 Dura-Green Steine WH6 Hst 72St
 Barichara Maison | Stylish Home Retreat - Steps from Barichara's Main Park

==

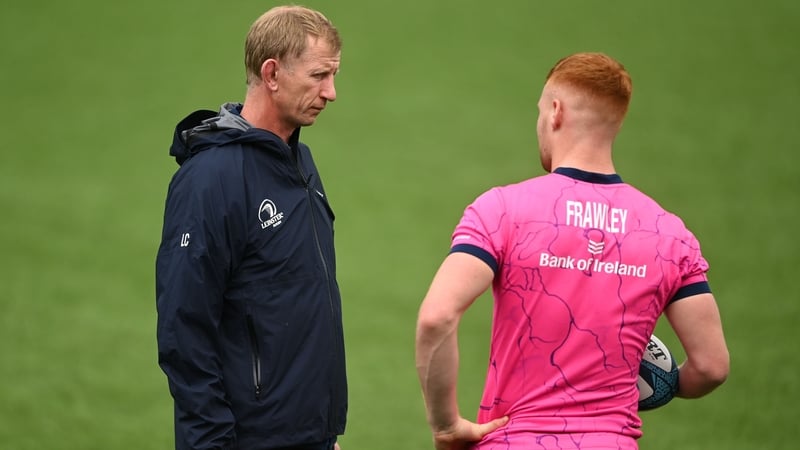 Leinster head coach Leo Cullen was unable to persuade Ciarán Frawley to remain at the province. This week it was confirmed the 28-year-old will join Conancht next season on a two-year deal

▸ WHAT THE TASK REQUIRES
All that is wanted is the stretch of lines above from the one containing "Dura-Green Steine WH6 Hst 72St" through the one containing "Barichara Maison |", duplicated exactly.

▸ WRITTEN SOLUTION
 Dura-Green Steine WH6 Hst 72St
 Barichara Maison | Stylish Home Retreat - Steps from Barichara's Main Park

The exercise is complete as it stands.